Thursday, July 16, 2009

Worms and Warp Drives

Today I visited the Artisans d' Angkar. This is where rural teenagers are apprenticed to learn how to be master crafts men; Silk painters, stone carvers, wood carvers, silk weavers, copper-workers, and lacquer-workers.
I saw all round the factory and it was fascinating watching the students work. (but they wouldn’t really let me have a go at anything).
The Students all make the same things, the silk painters replicate famous Cambodian works of art, the stone workers do Buddha statues and elephants, the copper workers replicate statues and animals and the lacquer workers make bowls and Buddhas and the occasional elephant too. They have original casts which they use to make exact replicas, measuring they dimensions with dividers.
I particularly liked the lacquer-work – they items are made from wood, covered in plaster and then once dry, lacquered black or brown. They then eventually add copper leaf and then distress it to make the item look older
The Copper-workers chase the most intricate designs in the sheets - am desperate to have a go at this when home.


The Stone carvers were absolutely amazing - the patience you must have to have to do this !!!

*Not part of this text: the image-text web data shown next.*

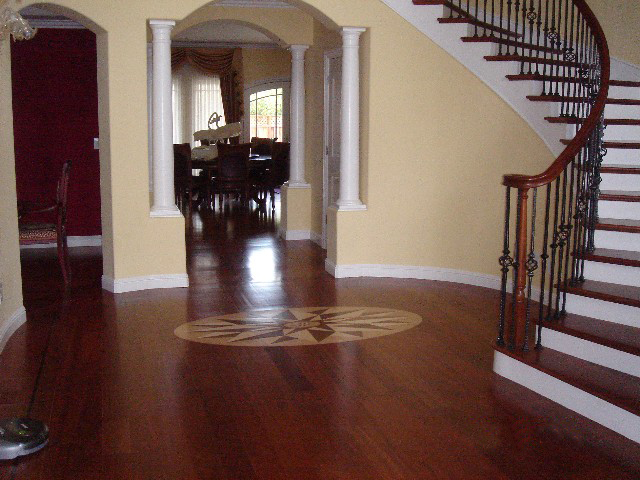 dark hardwood floor with design in center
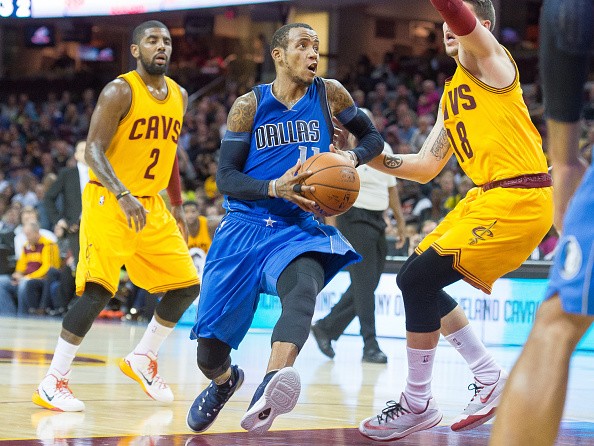 Monta Ellis #11 of the Dallas Mavericks drives past Kyrie Irving #2 and Mike Miller #18 of the Cleveland Cavaliers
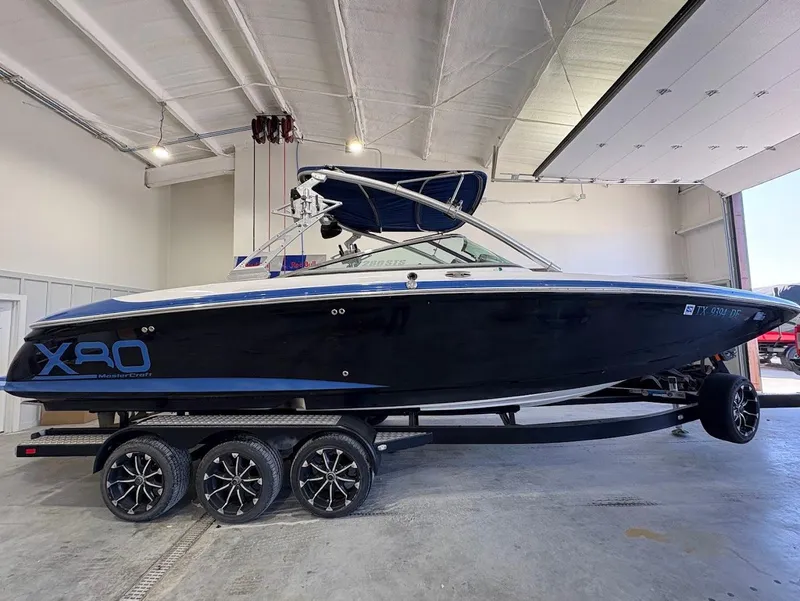 Slide: The Image of 2005 MasterCraft X-80 boat in a garage, black exterior, triple-axle trailer. - 5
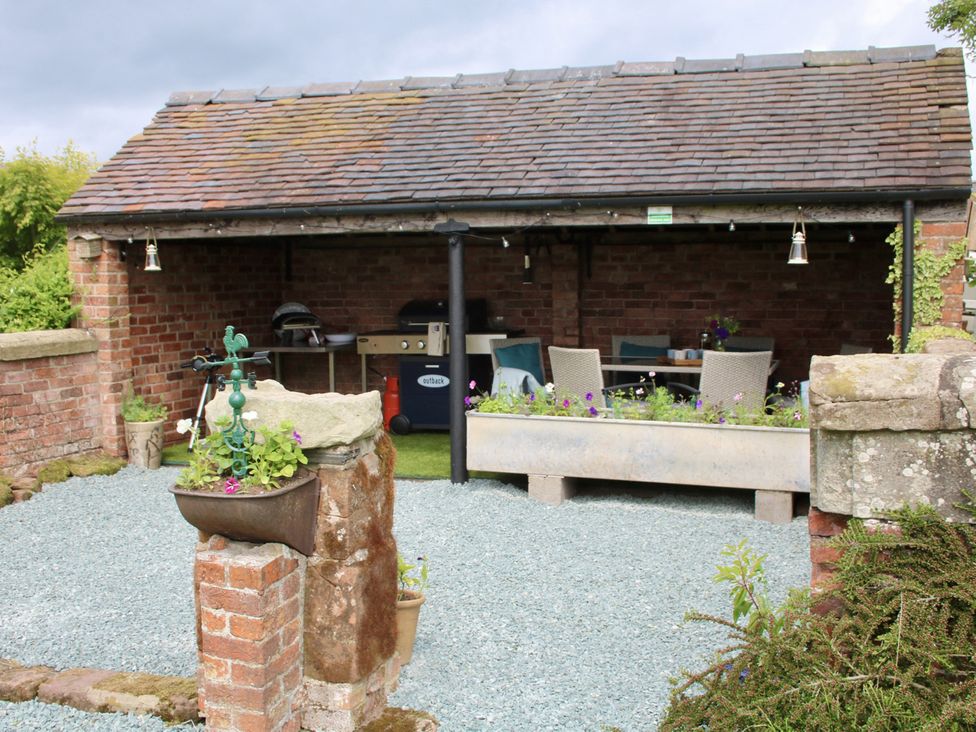An outdoor kitchen with a table and chairs at Lake View Cottage Audley Brow near Market Drayton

The artisans other speciality there is to weave the most beautiful silk scarves. I can't understand why they don't pool these skills to make some amazing jewellery they can add to their shop which you visit afterwards, and I now feel terribly inspired to do some designs for them.
They also do a tour around the Silk farm a little distance out of town, so off I went to meet the worms and go round the mulberry bushes.
There are apparently 18 types of mulberry bush which, in their natural environment the worms would live on, all of which provide different types and grades of silk. Here the bushes are grown in plantations and the leaves are harvested of the worms who live in more cosier comfortable conditions inside to prevent them being eaten by birds or the like.
The cute, sticky little white Worms eat for 3 days and them sleep for one day (when they are moved to another little basket with some nice fresh leaves) and live and grow for about 24 days before they begin to turn yellow when they are separated from the worm nursery and begin to spin their little cocoons.
They are then put onto little baskety cocoon holders as the worms busily spin away.

When they hatch as moths they mate bottom to bottom for FIVE HOURS! Go go you naughty silk moths!!

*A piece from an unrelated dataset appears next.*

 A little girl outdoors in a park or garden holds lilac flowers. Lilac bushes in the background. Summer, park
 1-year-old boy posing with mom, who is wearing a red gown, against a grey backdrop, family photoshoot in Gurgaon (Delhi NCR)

Unfortunately they then they immediately lay their eggs and die! (you can see all the eggs around these two busy silk moths, the female will be covered by a glass so that she lays the eggs in a contained space once they've "finished")
However only a chosen few get to hatch for the next cycle.

The rest of them, once they have finished spinning, are taken off their little baskets and boiled up to remove the silk. First the courser outer silk is removed - it takes 80 cocoons to produce 100m of this course silk thread. (this is RAW Silk) . The silk is caught up by stirring the pot with a wire whisk like thing and then wound on to bobbins. As you can see the natural colour of silk is yellow - you can really see why the fairy tales used to talk of spun gold, as this is what it looks like.
it then takes 45 of those cocoons stripped of their outer courser layer to produce 100m of FINE silk.

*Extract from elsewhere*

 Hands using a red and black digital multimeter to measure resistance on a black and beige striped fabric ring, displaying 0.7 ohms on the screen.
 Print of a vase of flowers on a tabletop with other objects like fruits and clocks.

Then it is cleaned, bleached and dyed, and sometimes spun into thicker thread. They use natural products to create the dyes - for instance this is morning glory flowers which produce a very pale lilac colour.



This huge machine then creates the warp threads for the looms.... powered by a little motor...."So, it's a warp drive!" I said. No one got it :(

Sometimes the warp threads are tie died by wrapping them with plastic so that patterns are created.

They are then put on to the loom, and this woman is creating the nylon separators to different warp threads can be raised and used to create different textures in the silk, as the weft shuttles are passed back and forth creating the pattern and material.
It is breathtakingly complicated and at the same time unbelievably simple . And so perfectly done, its the sort of thing that we would always assume was made by an automated factory machine not done by the fast moving human hands here!


Silk making and the textures and patterns created have been of particular importance in the East for untold centuries, often denoting your social status by what patterns you were permitted to wear. For instance only the King was allowed to wear certain floral patterns and peasants were only allowed basic rough weaves.
Tania who was a fellow volunteer in Phnom penh, arrived in Siem Reap today, so we went out to "pub street" in the town for a few drinks in the evening before crashing out.